[Records contained in a dataset]

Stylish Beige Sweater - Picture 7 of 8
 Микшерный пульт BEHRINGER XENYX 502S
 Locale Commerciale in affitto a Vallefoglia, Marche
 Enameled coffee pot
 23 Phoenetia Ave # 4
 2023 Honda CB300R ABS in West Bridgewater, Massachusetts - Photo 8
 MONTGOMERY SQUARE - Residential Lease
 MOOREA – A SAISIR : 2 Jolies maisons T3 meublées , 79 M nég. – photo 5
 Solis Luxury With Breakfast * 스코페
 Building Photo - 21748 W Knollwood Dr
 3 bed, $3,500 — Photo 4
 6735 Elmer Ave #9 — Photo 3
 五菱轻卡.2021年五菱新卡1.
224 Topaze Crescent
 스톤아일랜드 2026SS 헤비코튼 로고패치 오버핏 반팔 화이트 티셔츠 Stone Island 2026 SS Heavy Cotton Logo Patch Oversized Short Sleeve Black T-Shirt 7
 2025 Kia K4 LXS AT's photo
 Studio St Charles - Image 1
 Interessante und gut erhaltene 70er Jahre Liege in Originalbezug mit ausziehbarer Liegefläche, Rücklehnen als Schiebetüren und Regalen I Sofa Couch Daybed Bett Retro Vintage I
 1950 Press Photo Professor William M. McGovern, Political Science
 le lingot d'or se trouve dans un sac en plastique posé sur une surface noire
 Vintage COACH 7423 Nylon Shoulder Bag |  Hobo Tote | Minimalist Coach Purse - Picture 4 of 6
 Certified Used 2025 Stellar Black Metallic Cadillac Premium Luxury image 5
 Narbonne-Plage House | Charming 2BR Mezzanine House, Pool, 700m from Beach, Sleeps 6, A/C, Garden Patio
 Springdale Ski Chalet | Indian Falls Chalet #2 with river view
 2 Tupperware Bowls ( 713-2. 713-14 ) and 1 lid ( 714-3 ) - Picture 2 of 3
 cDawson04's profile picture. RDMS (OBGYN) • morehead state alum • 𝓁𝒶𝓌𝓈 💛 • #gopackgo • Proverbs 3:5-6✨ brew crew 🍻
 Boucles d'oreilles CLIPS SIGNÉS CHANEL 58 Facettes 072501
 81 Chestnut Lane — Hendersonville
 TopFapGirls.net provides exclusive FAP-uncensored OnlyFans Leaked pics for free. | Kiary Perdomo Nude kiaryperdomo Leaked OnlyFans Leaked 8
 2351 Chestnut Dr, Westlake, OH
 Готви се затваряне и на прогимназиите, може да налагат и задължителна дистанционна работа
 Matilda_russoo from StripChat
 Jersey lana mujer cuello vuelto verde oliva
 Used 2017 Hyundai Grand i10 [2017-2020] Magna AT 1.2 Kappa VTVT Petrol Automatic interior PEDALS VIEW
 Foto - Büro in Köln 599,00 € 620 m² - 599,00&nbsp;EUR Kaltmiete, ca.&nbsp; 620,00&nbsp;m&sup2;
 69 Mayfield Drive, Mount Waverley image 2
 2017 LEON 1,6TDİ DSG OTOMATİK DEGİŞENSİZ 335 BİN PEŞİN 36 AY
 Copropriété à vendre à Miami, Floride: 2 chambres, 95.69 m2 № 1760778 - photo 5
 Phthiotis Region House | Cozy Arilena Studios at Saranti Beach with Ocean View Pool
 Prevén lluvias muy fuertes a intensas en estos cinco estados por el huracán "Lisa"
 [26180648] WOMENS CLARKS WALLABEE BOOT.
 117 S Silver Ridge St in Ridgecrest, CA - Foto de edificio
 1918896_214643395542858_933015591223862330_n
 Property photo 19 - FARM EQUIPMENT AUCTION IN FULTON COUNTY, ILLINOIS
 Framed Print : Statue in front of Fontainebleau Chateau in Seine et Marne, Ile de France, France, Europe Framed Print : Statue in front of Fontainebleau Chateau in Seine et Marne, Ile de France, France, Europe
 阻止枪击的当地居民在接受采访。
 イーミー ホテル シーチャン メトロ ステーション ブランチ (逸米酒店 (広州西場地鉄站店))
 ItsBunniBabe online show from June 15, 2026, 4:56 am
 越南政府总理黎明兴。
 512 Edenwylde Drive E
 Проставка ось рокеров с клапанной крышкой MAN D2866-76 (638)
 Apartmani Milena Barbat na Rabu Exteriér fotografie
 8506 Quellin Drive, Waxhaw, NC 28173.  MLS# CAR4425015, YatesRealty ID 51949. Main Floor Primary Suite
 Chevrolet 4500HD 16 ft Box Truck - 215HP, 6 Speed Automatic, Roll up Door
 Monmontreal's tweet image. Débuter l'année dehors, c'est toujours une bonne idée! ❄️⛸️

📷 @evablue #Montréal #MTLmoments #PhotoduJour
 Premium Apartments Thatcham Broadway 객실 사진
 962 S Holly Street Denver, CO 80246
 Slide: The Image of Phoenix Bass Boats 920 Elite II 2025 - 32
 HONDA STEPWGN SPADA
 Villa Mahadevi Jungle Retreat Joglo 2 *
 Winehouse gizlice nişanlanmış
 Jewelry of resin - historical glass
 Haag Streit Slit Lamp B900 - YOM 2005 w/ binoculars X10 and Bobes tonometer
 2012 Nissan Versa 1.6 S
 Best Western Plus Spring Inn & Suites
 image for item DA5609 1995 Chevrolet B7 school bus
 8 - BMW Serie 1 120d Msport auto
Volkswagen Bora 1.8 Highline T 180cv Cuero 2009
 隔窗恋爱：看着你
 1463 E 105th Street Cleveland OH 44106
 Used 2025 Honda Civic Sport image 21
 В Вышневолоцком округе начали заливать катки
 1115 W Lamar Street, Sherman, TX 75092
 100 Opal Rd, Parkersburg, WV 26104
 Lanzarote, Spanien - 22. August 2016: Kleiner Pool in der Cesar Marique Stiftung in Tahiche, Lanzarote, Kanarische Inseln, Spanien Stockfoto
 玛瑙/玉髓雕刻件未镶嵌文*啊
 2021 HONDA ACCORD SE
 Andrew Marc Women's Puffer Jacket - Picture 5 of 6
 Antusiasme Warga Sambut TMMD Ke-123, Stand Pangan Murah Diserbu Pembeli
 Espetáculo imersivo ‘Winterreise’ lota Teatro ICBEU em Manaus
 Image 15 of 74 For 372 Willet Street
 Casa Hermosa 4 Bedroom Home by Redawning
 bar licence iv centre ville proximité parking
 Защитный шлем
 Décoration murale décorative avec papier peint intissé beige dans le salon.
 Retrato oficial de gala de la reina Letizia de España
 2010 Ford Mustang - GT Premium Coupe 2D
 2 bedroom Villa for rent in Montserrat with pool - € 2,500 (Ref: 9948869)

▶ **Work to complete**
Only one span of lines is wanted: the line with "2021 HONDA ACCORD SE" and every line after it to the end of the entries, output exactly.

▶ **Expected answer**
 2021 HONDA ACCORD SE
 Andrew Marc Women's Puffer Jacket - Picture 5 of 6
 Antusiasme Warga Sambut TMMD Ke-123, Stand Pangan Murah Diserbu Pembeli
 Espetáculo imersivo ‘Winterreise’ lota Teatro ICBEU em Manaus
 Image 15 of 74 For 372 Willet Street
 Casa Hermosa 4 Bedroom Home by Redawning
 bar licence iv centre ville proximité parking
 Защитный шлем
 Décoration murale décorative avec papier peint intissé beige dans le salon.
 Retrato oficial de gala de la reina Letizia de España
 2010 Ford Mustang - GT Premium Coupe 2D
 2 bedroom Villa for rent in Montserrat with pool - € 2,500 (Ref: 9948869)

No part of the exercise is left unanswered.